Steem Pressure #3 - Steem Node 101

Everything you’ve always wanted to know about your first Steem Node but were afraid to ask.

Our goal for today

We will set up the system, build steemd manually, configure a simple Steem seed node, run it and sync it with the current head block.

What is that "simple Steem seed node"?


Video created for Steem Pressure series.

A consensus node.

Every Steem node is at least a consensus node.
In its simplest form, a consensus node is simply a node that is connected to the Steem network for the sole purpose of getting and sending blocks and transactions.

The more Steem nodes are running, the more decentralized and resilient the Steem network is.

A consensus node is also called a “Low Memory Node” - the name comes from the compile-time option LOW_MEMORY_NODE=ON, which is used to build steemd in such a way that data and fields not needed for consensus are not stored in the object database.

A low memory node is all that is needed (and therefore recommended) for seed nodes, witness nodes, and nodes run by exchanges.

A full node.

Running a low memory node is enough in many cases, but we still need full nodes to be able to use certain plugins and their APIs.

Importantly, a full node means here something different than in the Bitcoin realm, where Bitcoin full node is pretty much something that a Steem consensus node can do.

Here, on Steem, the word “full” doesn’t refer to anything related to the blockchain - it refers to the fully featured set of APIs enabled within steemd.

For example, the Condenser that powers up steemit.com site uses those APIs to display posts, comments, votes, feeds, and tags.

Many of those calls don’t need to be served by steemd, and in the future they will be served by various microservices.

Full nodes have significantly higher resource requirements, but this issue will not be covered in this episode.

Setting up the hardware

In the previous episode Steem Pressure #2 - toys for boys and girls, I gave you some tips about the hardware you might need.

In this episode, I will use an entry-level dedicated machine:
Intel(R) Xeon(R) CPU E3-1245 V2 @ 3.40GHz on an Ivy Bridge with 32GB DDR3 1333MHz RAM and 3x 120GB SSD

OS setup

I’m currently using Ubuntu 16.04 LTS.
You can assume that it’s a default clean install.

It’s up to you how you will set up your system to suit your needs and best utilize its hardware components. Every case is different, so there’s no ultimate solution here. In the end, if you run Steem node as a public service, you are expected to be qualified enough for sysadmin tasks.

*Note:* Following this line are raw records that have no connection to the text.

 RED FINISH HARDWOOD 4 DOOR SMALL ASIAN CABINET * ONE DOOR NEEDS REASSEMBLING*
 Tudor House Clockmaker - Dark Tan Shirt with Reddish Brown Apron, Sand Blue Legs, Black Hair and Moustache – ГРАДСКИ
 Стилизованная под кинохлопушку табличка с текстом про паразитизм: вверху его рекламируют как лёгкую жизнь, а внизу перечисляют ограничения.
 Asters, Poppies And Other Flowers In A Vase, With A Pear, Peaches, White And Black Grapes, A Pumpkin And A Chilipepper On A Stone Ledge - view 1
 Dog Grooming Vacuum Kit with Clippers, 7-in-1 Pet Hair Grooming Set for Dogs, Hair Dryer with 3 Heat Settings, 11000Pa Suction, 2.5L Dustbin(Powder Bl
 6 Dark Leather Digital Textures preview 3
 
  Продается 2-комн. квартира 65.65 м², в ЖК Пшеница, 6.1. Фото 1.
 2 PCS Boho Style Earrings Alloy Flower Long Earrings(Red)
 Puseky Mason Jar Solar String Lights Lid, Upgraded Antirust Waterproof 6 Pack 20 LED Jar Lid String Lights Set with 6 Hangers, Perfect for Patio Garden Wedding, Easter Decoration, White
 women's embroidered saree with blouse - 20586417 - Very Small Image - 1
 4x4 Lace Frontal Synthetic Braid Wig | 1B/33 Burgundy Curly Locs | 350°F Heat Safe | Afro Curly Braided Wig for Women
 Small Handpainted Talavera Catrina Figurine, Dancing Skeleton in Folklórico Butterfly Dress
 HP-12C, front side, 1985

In this example, the performance of each of the three disks is good on “Gandalf’s scale” ;-) i.e. it can perform Trivial benchmark presented in previous episode in less than 8 seconds.

I’ve used a 12GB swap partition on each of those drives with the same priority
/ and /boot partitions are configured as software RAID1 on all three drives.
/home is configured as software RAID0 on all three drives.

It’s OK to use RAID0 in my case, because I’m not going to use it to store anything important (anything I can’t afford to lose in the event of a power or drive failure), and that makes it able to pass the test in around 4 seconds.

Software prerequisites

Let's prepare our system so that we can build and run steemd.

Add a steem user:
useradd -s /bin/bash -m steem
Update the list of packages:
apt update
Make sure that your packages are up to date:
apt upgrade
Make sure that you have a reliable time source:
apt install ntp

If you wish to use tmpfs for the shared memory file (which is an optional solution), prepare enough free space on the target tmpfs device, create a directory and set ownership:
mount -o remount,size=48G /run
mkdir /run/steem && chown steem:steem $_

Building steemd

To use a docker or not?

Use it. It’s way faster and easier and it protects you from many possible errors that you will likely make by not following the manual very carefully.

Manual way

I'm not going to use a docker now, because I want you to get more familiar with the steemd building process.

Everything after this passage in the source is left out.